_Brief_:
Extract the lines from the first one in the records below through the line containing "Vivien online show from November 12, 6:32 pm", keeping both ends and leaving out any pictures.

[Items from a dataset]
□ □ □
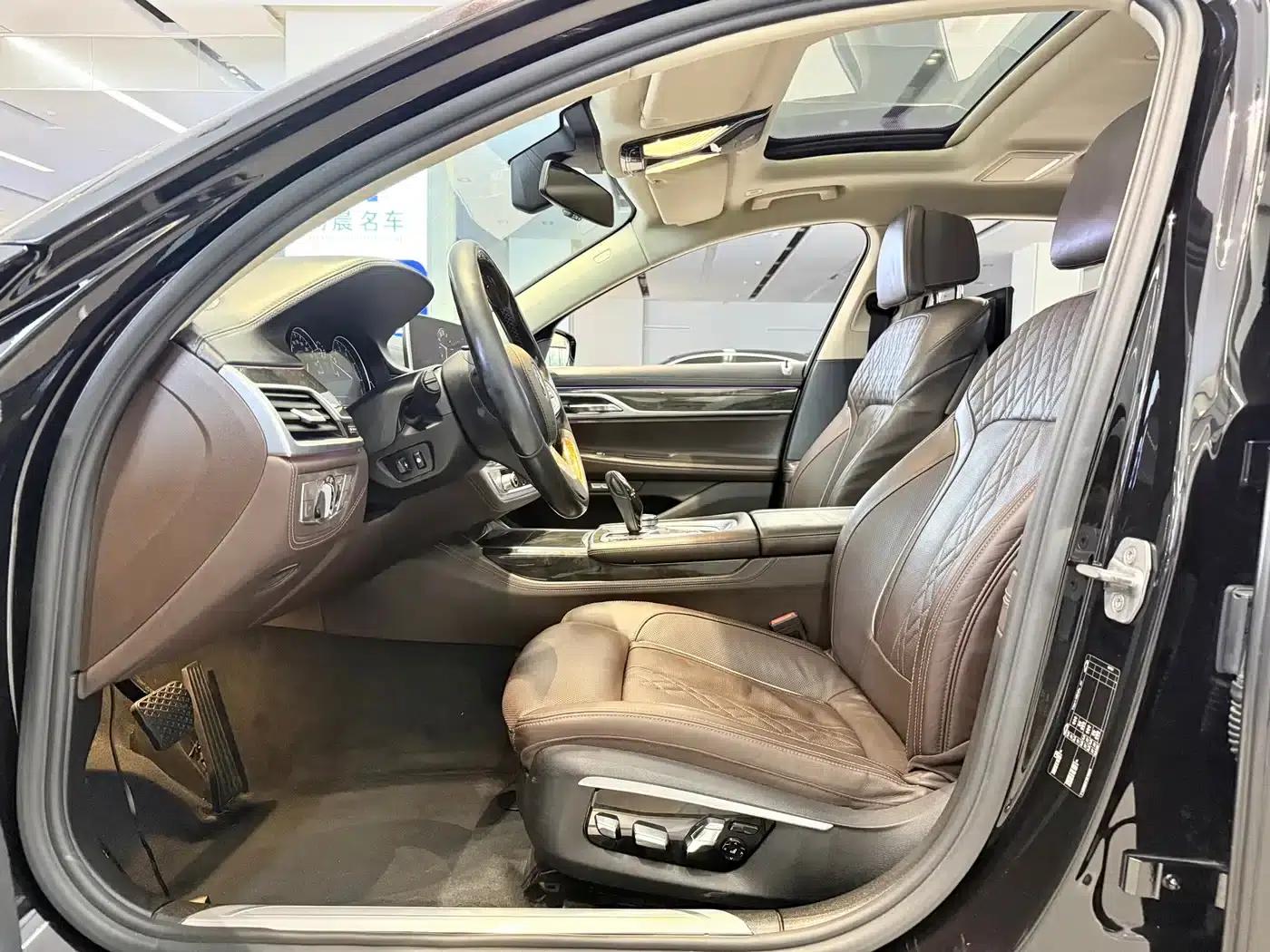 2016 BMW 7 Series 730Li Luxury — миниатюра 6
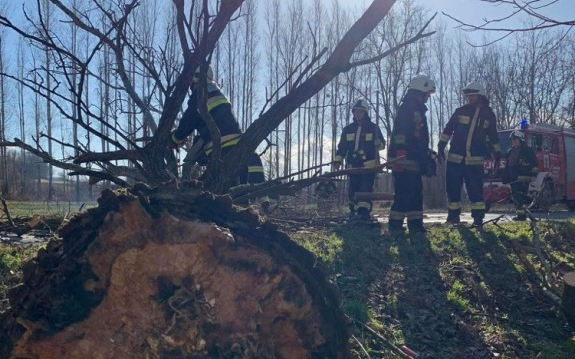 öbb, mint 160 tűzoltónak adott munkát a vasárnapi viharos szél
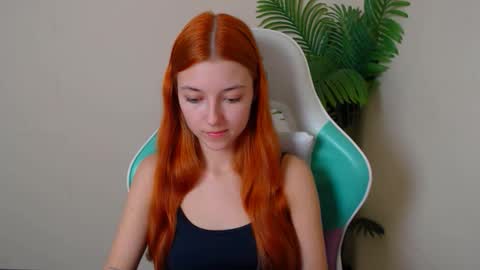 Vivien online show from November 12, 6:32 pm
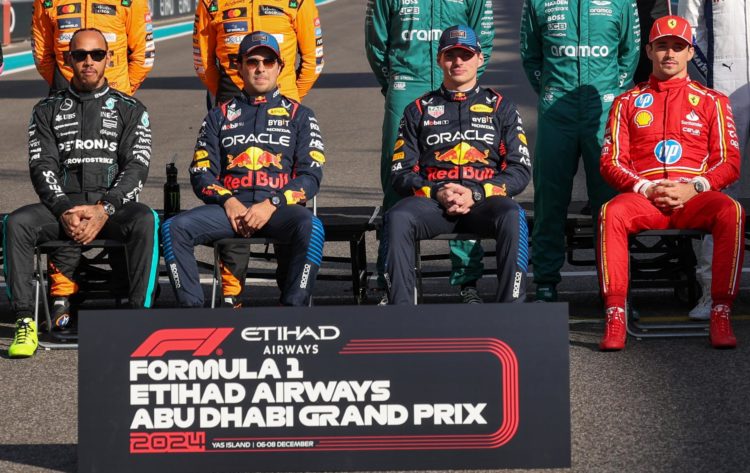 (de i. a d.) El inglés Lewis Hamilton -que disputó su última carrera con Mercedes, equipo con el que ganó seis de sus siete Mundiales de F1-, los dos pilotos de Red Bull: el mexicano Sergio Pérez y el neerlandés Max Verstappen (cuádruple campeón del mundo); y el monegasco Charles Leclerc (Ferrari), en Abu Dabi. EFE/EPA/ALI HAIDER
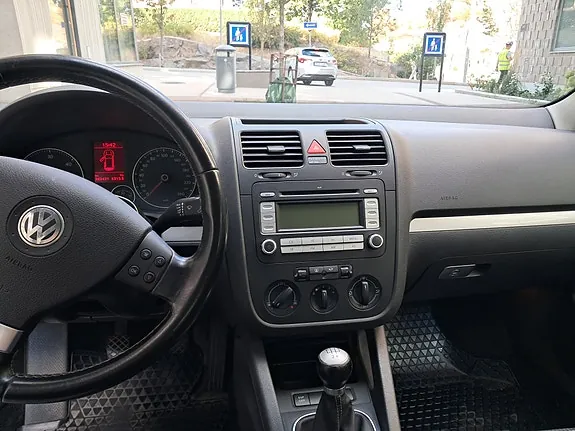 Volkswagen Golf 2008 photo 5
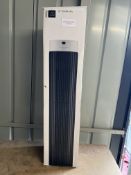 John Lewis 30 Inch Tower Fan. RRP £70 - Grade U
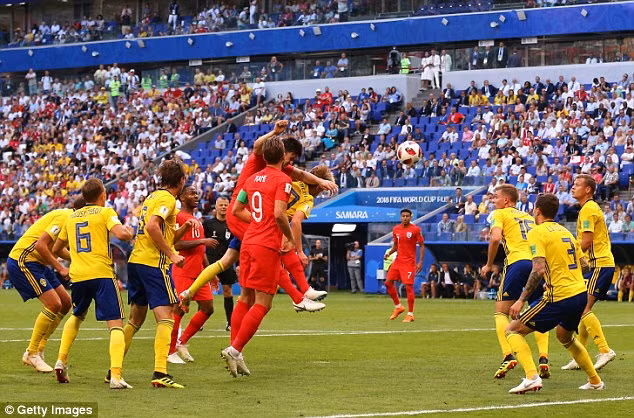 Thắng Thụy Điển, HLV tuyển Anh hóa... nhạc trưởng đam mê ảnh 3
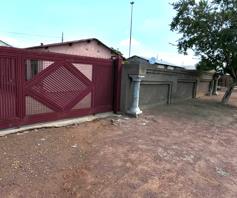 House for sale in Mabopane  Unit B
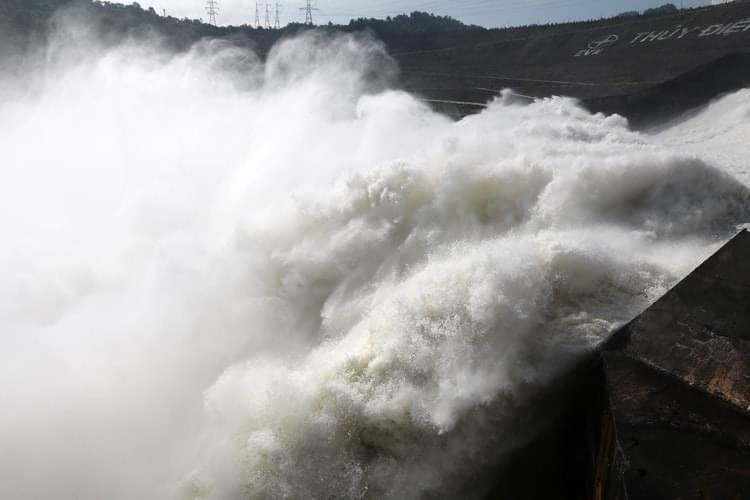 Hồ thuỷ điện Hoà Bình xả lũ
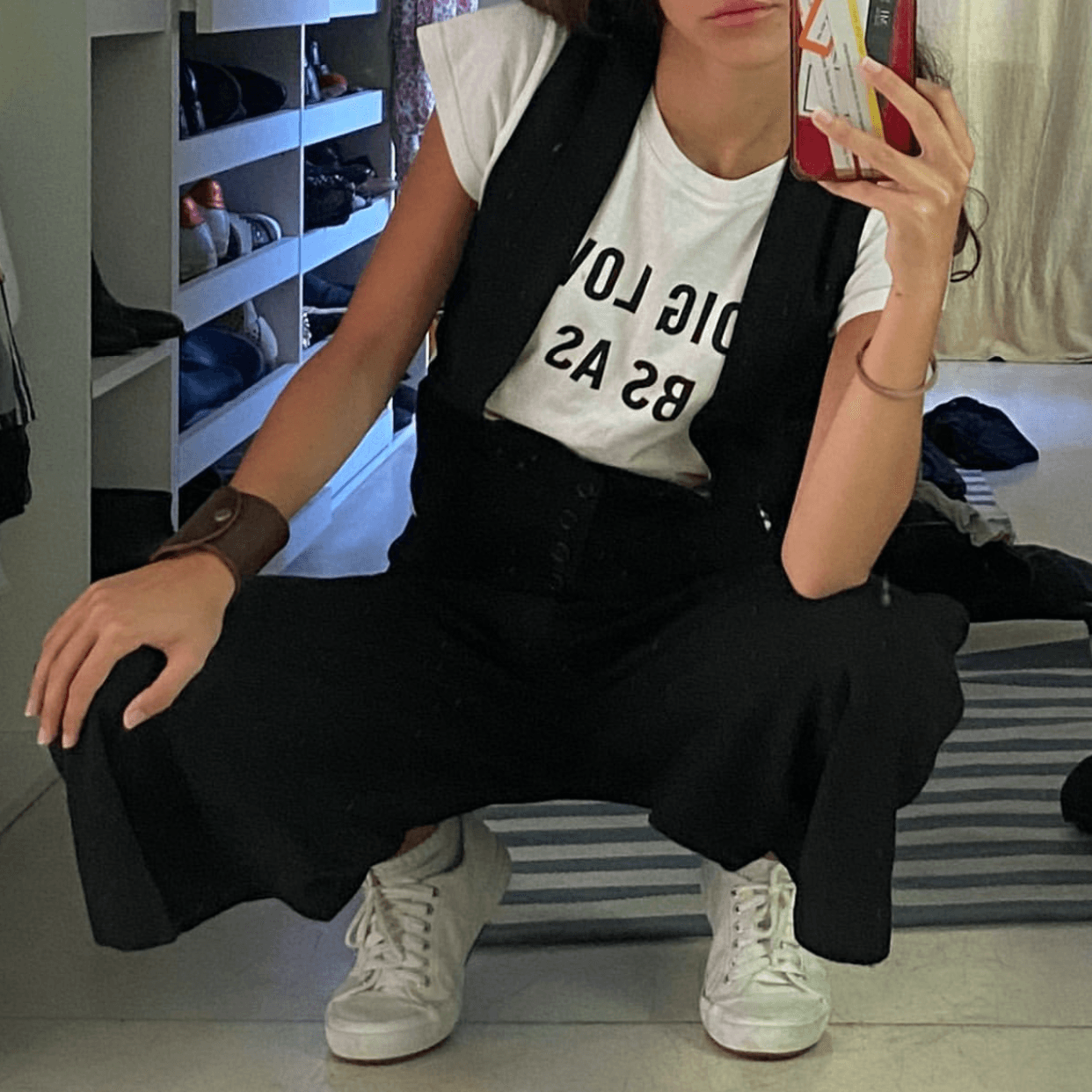 Simona - @simonaalvarezzz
□ □ □
_Completed task_:
 2016 BMW 7 Series 730Li Luxury — миниатюра 6
 öbb, mint 160 tűzoltónak adott munkát a vasárnapi viharos szél
 Vivien online show from November 12, 6:32 pm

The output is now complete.